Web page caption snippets
........
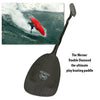 Werner Double Diamond Carbon Bent Shaft Whitewater Kayak Paddle lifestyle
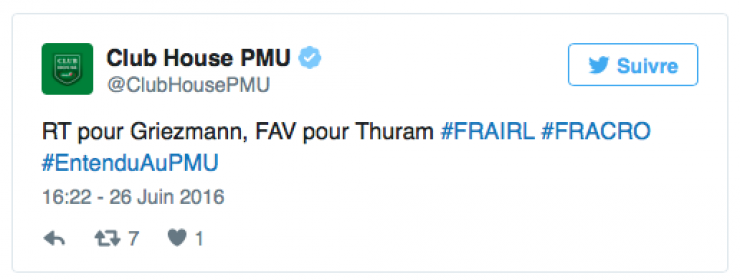 Illustration de l'article : Top 30 des meilleurs tweets concernant le match France/Irlande...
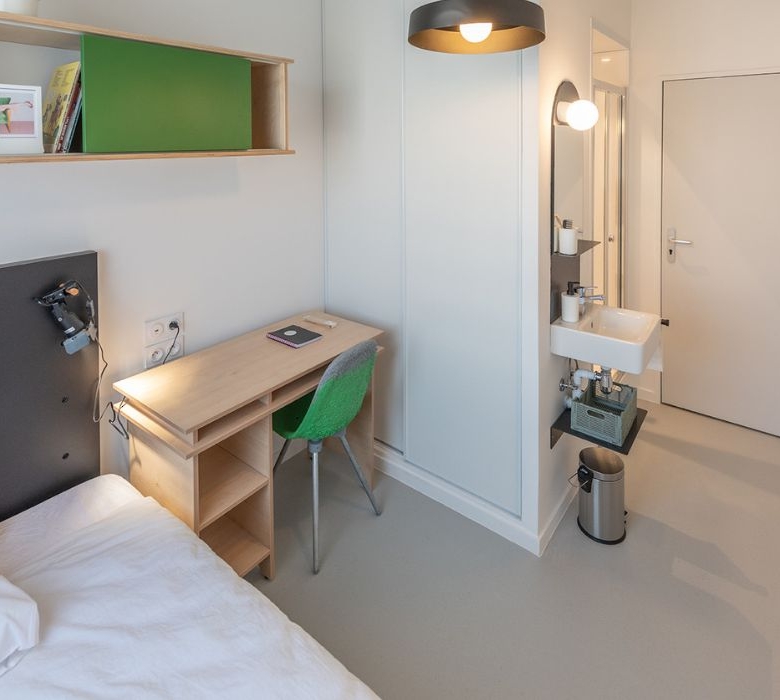 Residencia Universitaria Ecla París Noisy-Le-Grand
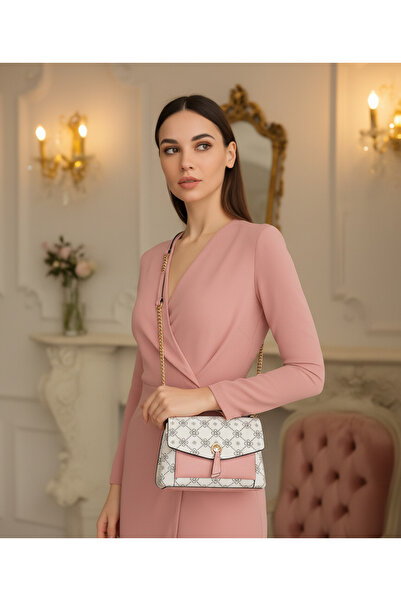 Munes حقيبة كارولينا النسائية لليد والكتف وحقيبة كروس - عملية ومناسبة للتنسيقات الكاجوال والأنيقة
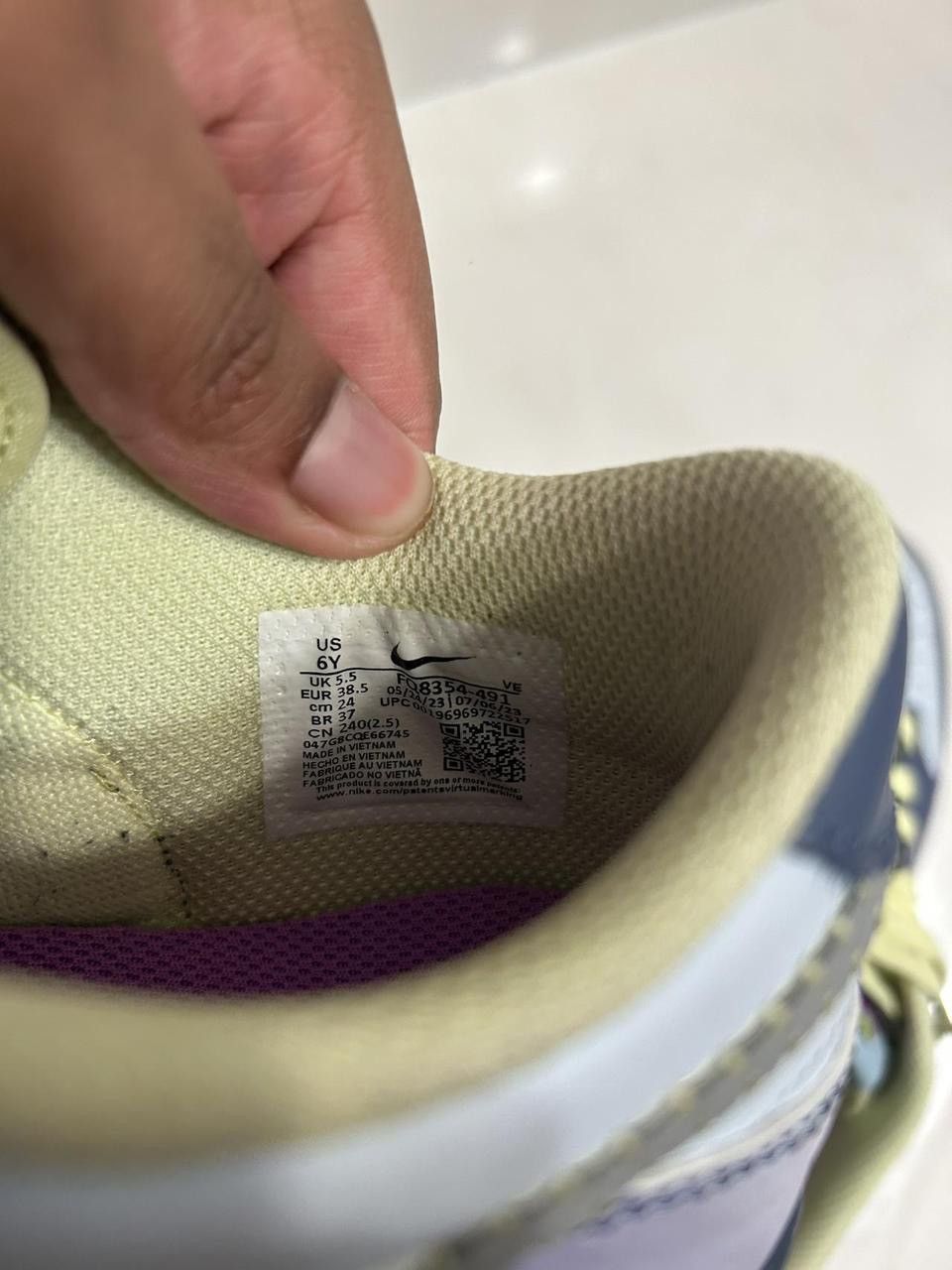 Nike I AM FEARLESS dunks Size US 8 / IT 38 - 6 Thumbnail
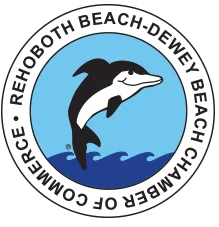 rehoboth beach - dewey beach chamber of commerce logo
........
WORK TO BE COMPLETED
Line by line, print the records exactly, leaving the pictures behind.

EXPECTED OUTPUT
 Werner Double Diamond Carbon Bent Shaft Whitewater Kayak Paddle lifestyle
 Illustration de l'article : Top 30 des meilleurs tweets concernant le match France/Irlande...
 Residencia Universitaria Ecla París Noisy-Le-Grand
 Munes حقيبة كارولينا النسائية لليد والكتف وحقيبة كروس - عملية ومناسبة للتنسيقات الكاجوال والأنيقة
 Nike I AM FEARLESS dunks Size US 8 / IT 38 - 6 Thumbnail
 rehoboth beach - dewey beach chamber of commerce logo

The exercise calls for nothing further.